Three compounds—ginkgetin, oleandrin, and periplocin—were experimentally validated as senolytics in both OIS and TIS models. These compounds demonstrated senolytic activity comparable to or exceeding that of known senolytics, with oleandrin showing particularly high potency, especially in the low nanomolar range. The XGBoost model showed exceptional selectivity, identifying only 21 potential senolytic candidates from a screening library of more than 4000 compounds (0.4%). The identified compounds exhibited a selective senolytic effect, showing significantly reduced toxicity in non-senescent cells compared to senescent cells. Oleandrin, in particular, demonstrated superior potency compared to ouabain, a known senolytic cardiac glycoside, in both oncogene-induced and replicative senescence. It also induced a significant increase in caspase-3/7 activity and NOXA mRNA expression, a pro-apoptotic protein involved in ouabain's senolytic mechanism, at concentrations where ouabain showed little or no senolytic effect. Importantly, oleandrin did not inhibit cell proliferation at the concentrations used. Further analysis suggested that the structural features beyond the core steroid structure of oleandrin, periplocin, and ouabain, as well as the biflavone structure of ginkgetin, contributed to their enhanced senolytic efficacy.

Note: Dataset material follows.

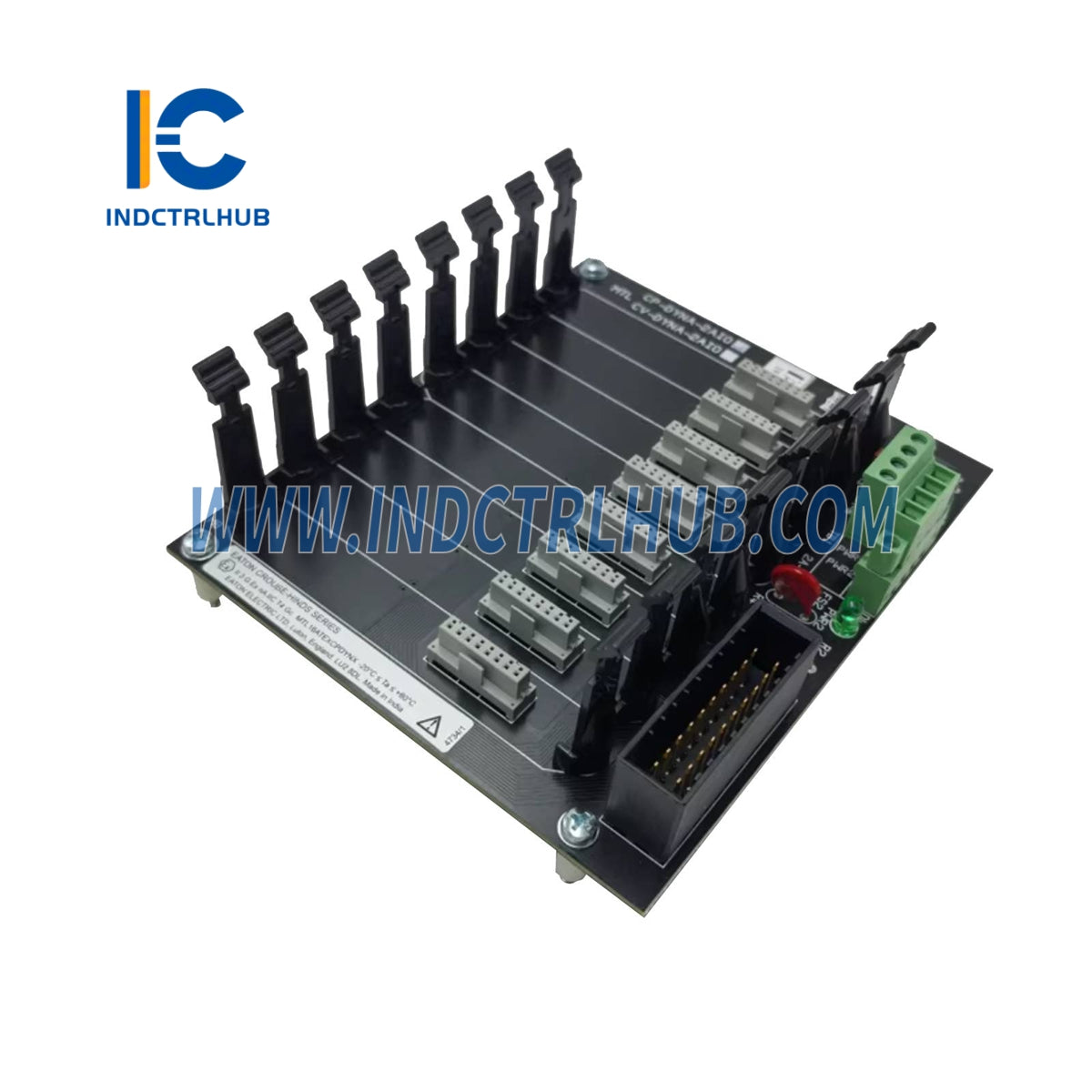 Honeywell CP-DYNA-2AIO Analog Input/Output Module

This study successfully demonstrates the potential of machine learning to accelerate drug discovery, particularly in areas with limited known targets and a scarcity of validated compounds. The use of a relatively small, diverse training dataset and a target-agnostic approach overcame the limitations of previous studies. The high hit rate of the experimental validation (14.28% out of the 21 compounds selected for testing) validated the predictive power of the XGBoost model and its ability to successfully differentiate true senolytics from a large pool of negative compounds. The superior performance of oleandrin over existing senolytic cardiac glycosides highlights the potential for the approach to identify novel compounds with improved efficacy. The identification of natural products as senolytics offers translational advantages, including existing safety and pharmacokinetic data. The low cost and high throughput of the in silico screening represent a considerable improvement over conventional methods, paving the way for more efficient and cost-effective drug discovery.

This research successfully employed machine learning to identify three novel senolytics (ginkgetin, oleandrin, and periplocin). The study’s findings highlight the potential for applying machine learning approaches to address challenges in senolytic drug discovery, emphasizing its capacity to effectively screen vast chemical libraries. The superior potency of oleandrin, compared to other known senolytics, warrants further investigation into its potential as a therapeutic agent, especially given its potential for local administration to mitigate systemic toxicity concerns. Future research should focus on in-depth mechanistic studies and preclinical evaluations of these compounds to assess their therapeutic potential in various age-related diseases. Furthermore, exploring alternative machine learning models and expanding the training datasets could further refine the accuracy and efficiency of the in silico screening approach.

The study's reliance on published data for model training, while cost-effective, means the quality of predictions depends on the completeness and accuracy of the literature. The inherent bias in the training data due to the scarcity of known senolytics and the lack of negative data from extensive experimental screens could have affected model performance and generalizability. Additional in-vivo studies are needed to further evaluate the efficacy and safety of the identified compounds before their clinical application. Finally, the high selectivity of the XGBoost model, while efficient, may result in overlooking potentially useful compounds that do not satisfy the stringent selection criteria.